In 1678, Christiaan Huygens stipulated that ‘…light beams traveling in different and even opposite directions pass though one another without mutual disturbance’1 and in the framework of classical electrodynamics, this superposition principle remains unchallenged for electromagnetic waves interacting in vacuum or inside an extended medium.2 Since the invention of the laser, colossal effort has been focused on the study and development of intense laser sources and nonlinear media for controlling light with light, from the initial search for optical bistability3 to recent quests for all-optical data networking and silicon photonic circuits. However, interactions of light with nanoscale objects provide some leeway for violation of the linear superposition principle. This is possible through the use of coherent interactions, which have been successfully engaged in applications ranging from phased array antennas to the manipulation of light distributions and quantum states of matter.4,5,6,7,8,9,10,11
Consider a thin light-absorbing film of sub-wavelength thickness: the interference of two counter-propagating incident beams A and B on such a film is described by two limiting cases illustrated in Figure 1: in the first, a standing wave is formed with a zero-field node at the position of the absorbing film. As the film is much thinner than the wavelength of the light, its interaction with the electromagnetic field at this minimum is negligible and the absorber will appear to be transparent for both incident waves. On the other hand, if the film is at a standing wave field maximum, an antinode, the interaction is strong and absorption becomes very efficient. Altering the phase or intensity of one beam will disturb the interference pattern and change the absorption (and thereby transmission) of the other. For instance, if the film is located at a node of the standing wave, blocking beam B will lead to an immediate increase in loss for beam A and therefore a decrease in its transmitted intensity. Alternatively, if the film is located at an antinode of the standing wave, blocking beam B will result in a decrease of losses for beam A and an increase in its transmitted intensity. In short, manipulating either the phase or intensity of beam B modulates the transmitted intensity of beam A.
To optimize the modulation efficiency, the film should absorb half of the energy of a single beam passing through it. Under such circumstances, 100% light-by-light modulation can be achieved when signal A is modulated by manipulating the phase of beam B and 50% modulation can be achieved if control is encoded in the intensity of beam B. Moreover, one will observe that when the intensities of the two beams are equal and the film is located at an antinode, all light entering the metamaterial will be absorbed, while at a node, light transmitted by the film will experience no Joule losses.

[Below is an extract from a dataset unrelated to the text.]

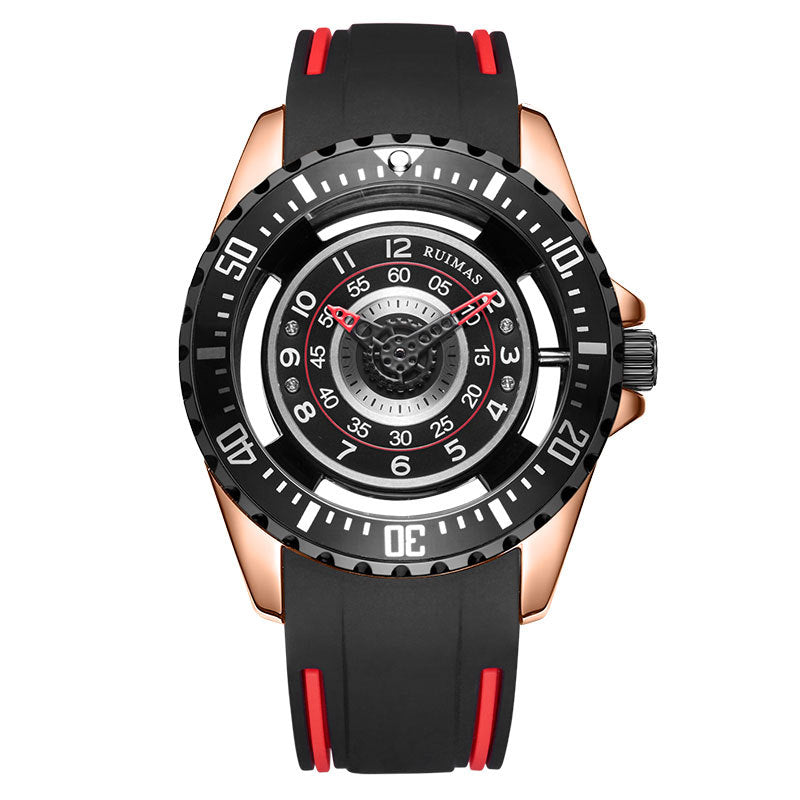 RUIMAS 549 Hollow Design Silicone Sport Men Watch Fashionable Quartz Watches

Here, it should be noted that for fundamental reasons, an infinitely thin film can absorb not more than half of the energy of the incident beam.12,13 At the same time, a level of absorption of 50% is difficult to achieve in thin unstructured metal films: across most of the optical spectrum, incident energy will either be reflected or transmitted by such a film. Recently reported much higher absorption levels have only been achieved in layered structures of finite thickness14,15,16,17,18 that are unsuitable for implementation of the scheme presented in Figure 1. However, in the optical part of the spectrum, a very thin nanostructured metal film can deliver strong resonant absorption approaching the 50% target at a designated wavelength. Such metal films, periodically structured on the sub-wavelength scale, are known as planar plasmonic metamaterials.